I often tell a story about showing up at a party, with my date. He was wearing a collar, with the leash in my hand. He was standing behind me, wearing latex shorts and being wonderfully attentive to my needs. A male dominant that I knew approached us and asked my submissive for permission to hug me. My poor boy didn’t know what to say or do, he just kept looking at me, confused, saying “Ummm…..Ma’am?” While it was an innocent mistake, it shows how prevalent the idea that all women are submissive can be and why dominant women might not want to attend parties where their identity is erased ‘accidentally’.
The erasure of identity isn’t just limited to the dominant women. Every submissive man I’ve dated has had submissive women chase them and try to convince them to dominate. It is generally an unpleasant experience for them, with insinuations about being ‘real men’ and such. Sadly, there seems to be an impression that submissive men are less than dominant men – a stereotype that is blatantly untrue and incredibly damaging to some men’s self-image.
Even with that, there are still more dominant women than submissive men at most munches and parties that I’ve been to. I know many dominant women who have been looking for many years for a submissive boyfriend. Personally, I would have spent a lot of time single, if I were straight, due to the lack of submissive men (and even more so compatible ones).

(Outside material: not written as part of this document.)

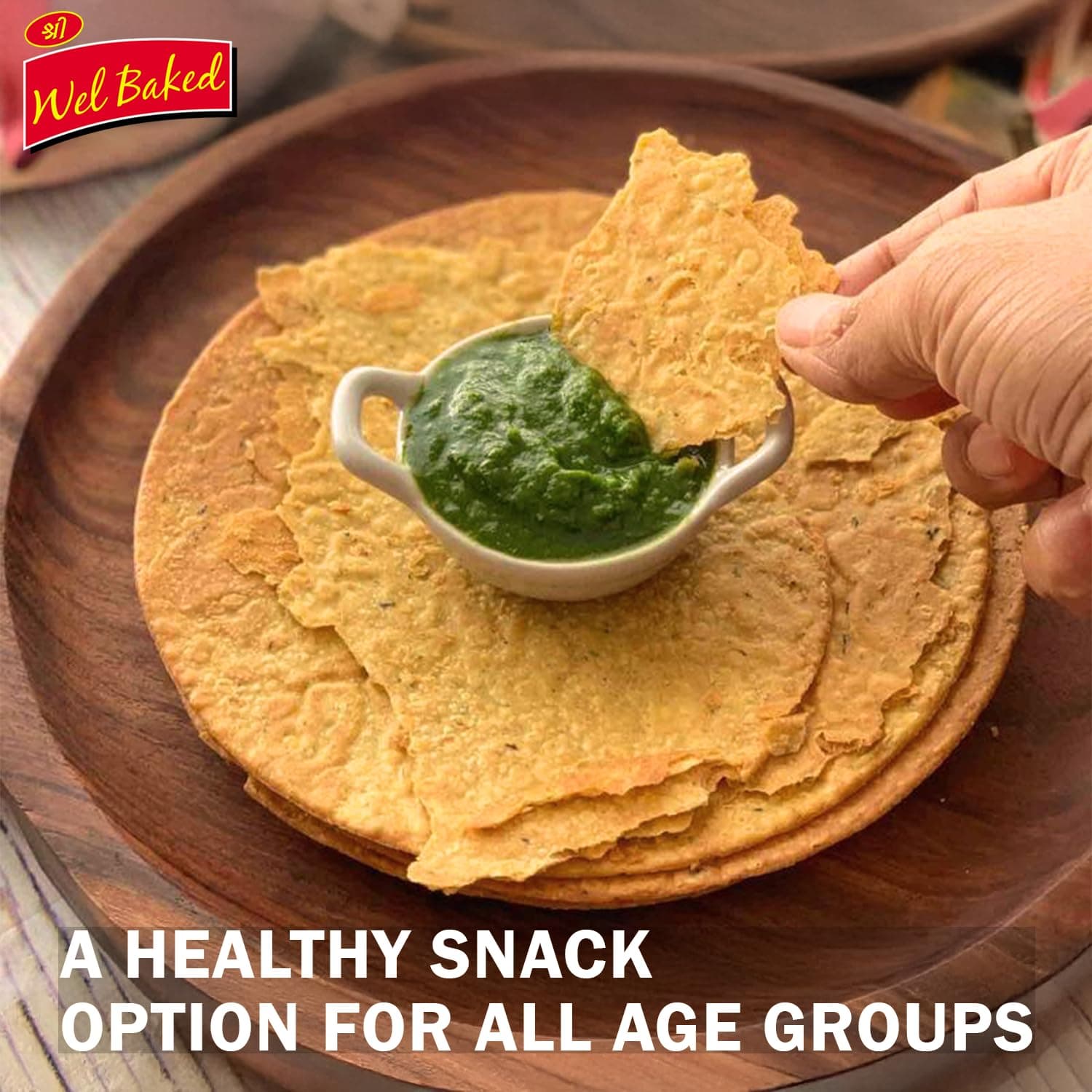 Wel Baked Whole Wheat Khakhra (Mast Masala) - Pack of 4, 200 Gms Each | Dry Chapati | Khakra Fresh Gujarati Namkeen Snacks | Ready To Eat - Roasted - Khakhra Snacks| Vacuum Packed — image 6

There are many more reasons for this perceived imbalance in the ratio of dommes to subs, too many to get into here.
I think that ideas about the ratio of dommes to subs cause all sorts of problems. Online, it creates an artificial shortage, so dominant women are put up on a pedestal without anyone’s consent. This is negative in a few ways.
Never Ending, Unwanted Messages
Women get even more desperate messages, as men who consider themselves submissive compete for attention. They will spam any and every dominant woman they can find, sending message after message. I’ve had messages from men that email me every 6 months or so for years on end until I get fed up and block them. Often, they send the exact same message every time. In speaking to other dominant women, I know I’m not the only one to experience this.
Too Many Concessions
For submissive men, it means that they may become willing to compromise on things that they wouldn’t otherwise. I know monogamous men who consider poly relationships, even though it upsets them and damages their self-esteem (I don’t think that poly relationships do this, but people who are monogamous often have this experience when trying poly relationships because it is against their nature). I’ve met many submissive men who have learned how to service top, in the hopes that they can find a switch to date (again, I don’t think there is anything wrong with switches or dating them, as I’ve dated many, but if you’re going against your BDSM orientation, you probably won’t be happy). I’ve even met straight submissive men who serve male dominants to satisfy their kinky needs.
Actual Fake Dommes
On top of that, you get some women who see an imbalance in the ratio of dommes to subs and decide to take advantage. I’m not talking about pro dommes (a legit business, and one I am a part of), or findommes (a legit kink), but women who aren’t dominant or even kinky, deciding that they can make money off of submissive men. You will see men asking about paying dommes all the time, with some scams involving money to buy BDSM toys to use at a first meeting (that never seems to happen).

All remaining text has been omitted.